:: Source data ::
BEGIN
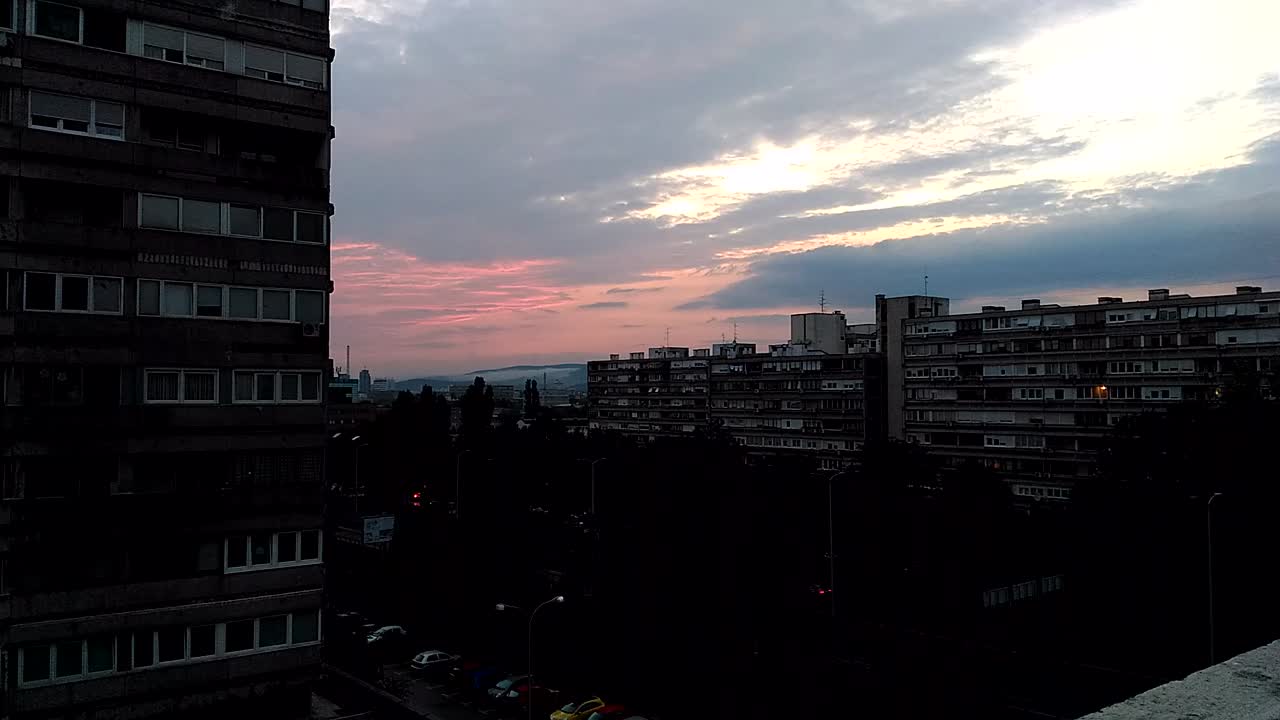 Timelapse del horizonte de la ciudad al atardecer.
END
BEGIN
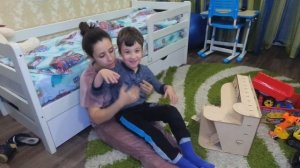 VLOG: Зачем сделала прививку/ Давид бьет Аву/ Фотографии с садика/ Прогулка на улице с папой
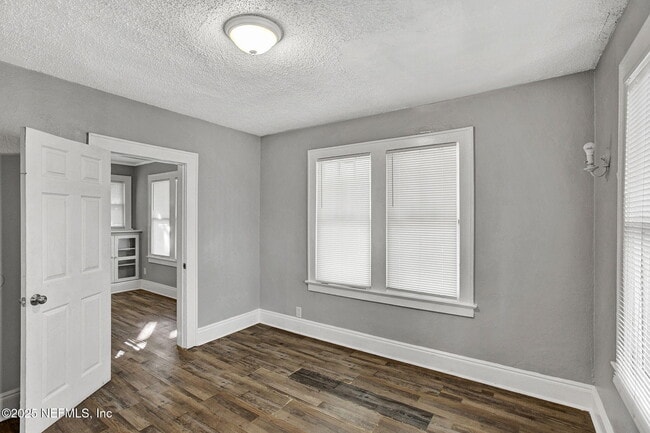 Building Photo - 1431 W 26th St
END
:: What is needed ::
All lines above from the one containing "VLOG: Зачем сделала" up to and including the one containing "Building Photo - 1431 W 26th St" are to be set down exactly, and nothing else. Leave images out.

:: Response to the exercise ::
 VLOG: Зачем сделала прививку/ Давид бьет Аву/ Фотографии с садика/ Прогулка на улице с папой
 Building Photo - 1431 W 26th St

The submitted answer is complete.